**Work item:** In the listing below, locate the line that contains "Furnished interior view" and the line that contains "Imagem de Tênis". Restate word for word those two lines and every line between them, and nothing else.

---------- Material provided

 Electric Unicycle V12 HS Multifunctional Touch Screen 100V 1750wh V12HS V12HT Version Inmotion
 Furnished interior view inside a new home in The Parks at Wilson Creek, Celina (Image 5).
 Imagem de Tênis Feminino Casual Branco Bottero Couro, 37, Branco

--------------------
---------- Material provided

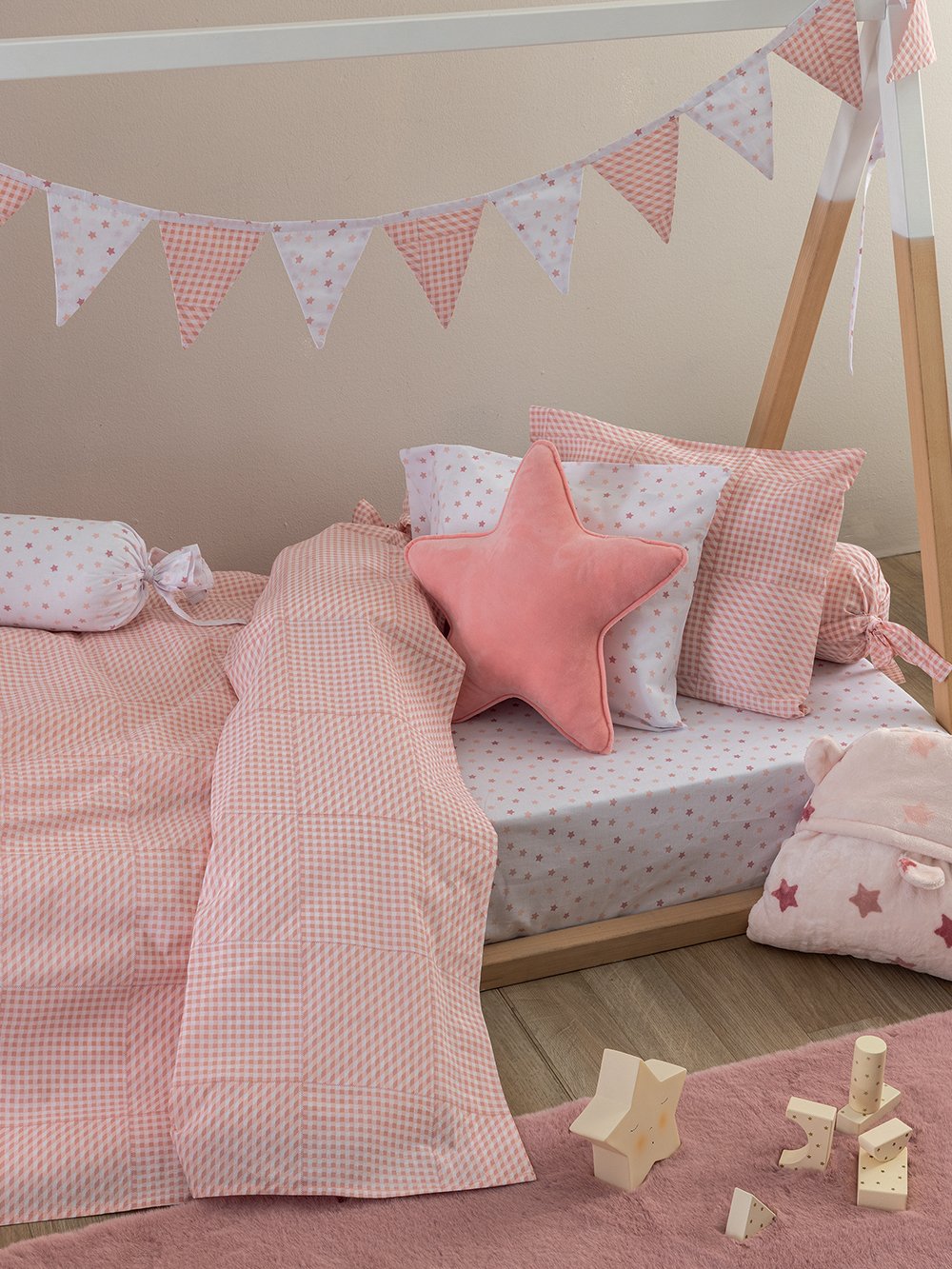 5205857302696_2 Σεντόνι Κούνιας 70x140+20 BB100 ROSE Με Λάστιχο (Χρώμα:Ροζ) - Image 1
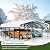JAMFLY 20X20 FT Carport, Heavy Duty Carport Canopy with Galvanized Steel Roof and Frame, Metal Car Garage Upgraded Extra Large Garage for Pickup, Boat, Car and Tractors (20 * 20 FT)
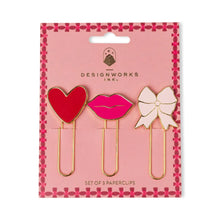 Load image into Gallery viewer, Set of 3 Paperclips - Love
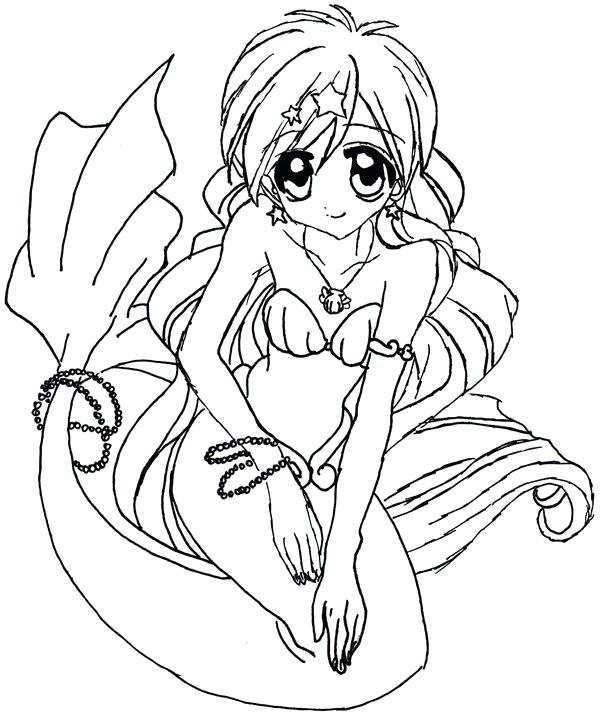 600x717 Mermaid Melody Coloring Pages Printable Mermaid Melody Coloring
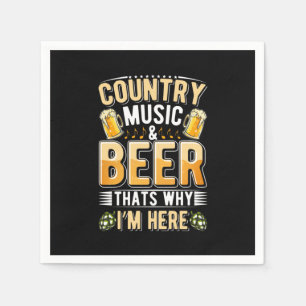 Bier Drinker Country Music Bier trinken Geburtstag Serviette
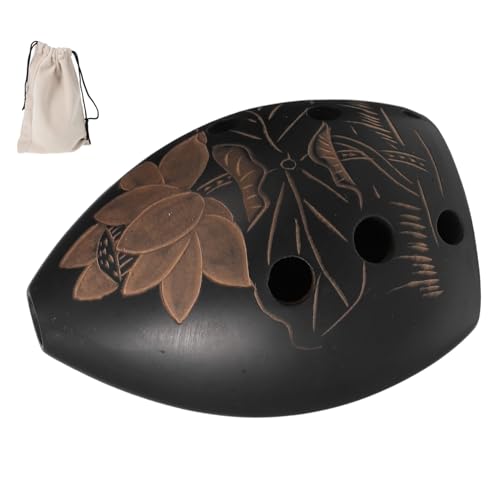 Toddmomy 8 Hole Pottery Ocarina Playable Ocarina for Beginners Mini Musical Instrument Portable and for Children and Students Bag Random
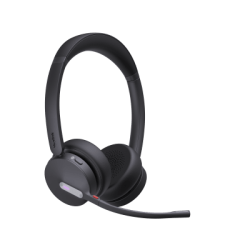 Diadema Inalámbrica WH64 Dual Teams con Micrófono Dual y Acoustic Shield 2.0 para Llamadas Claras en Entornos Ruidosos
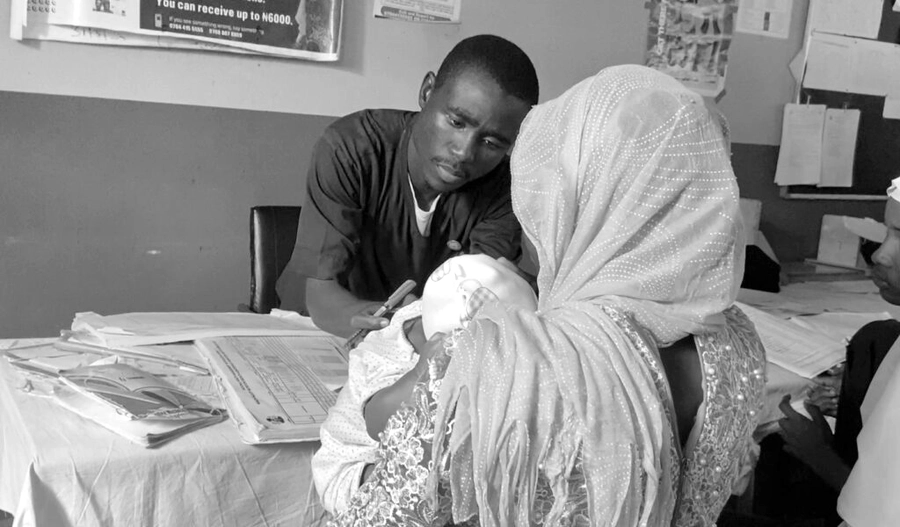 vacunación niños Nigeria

--------------------
---------- Material provided

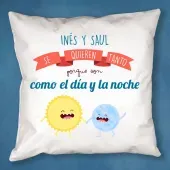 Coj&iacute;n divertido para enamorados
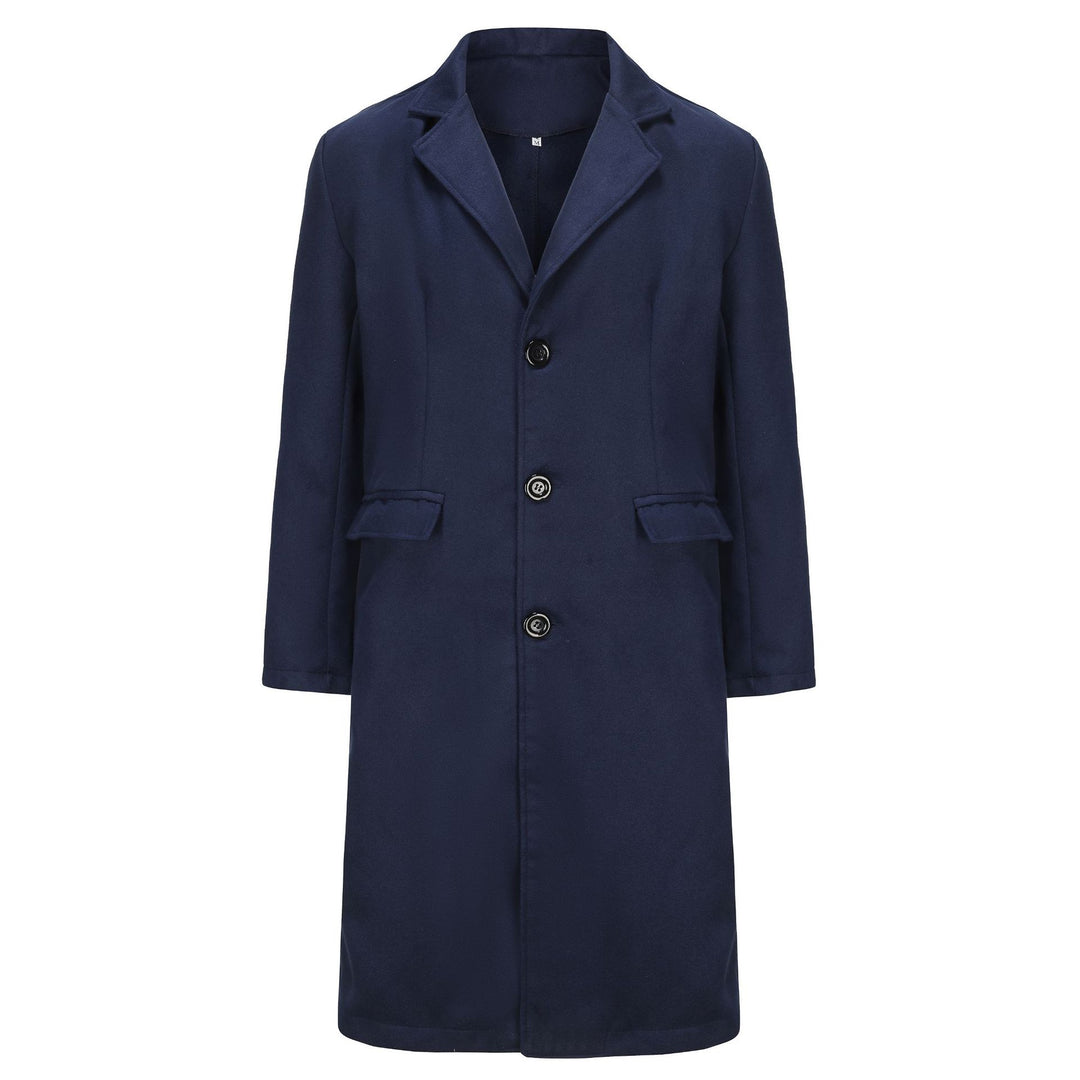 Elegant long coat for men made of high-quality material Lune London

--------------------

**Task result:**
 Furnished interior view inside a new home in The Parks at Wilson Creek, Celina (Image 5).
 Imagem de Tênis Feminino Casual Branco Bottero Couro, 37, Branco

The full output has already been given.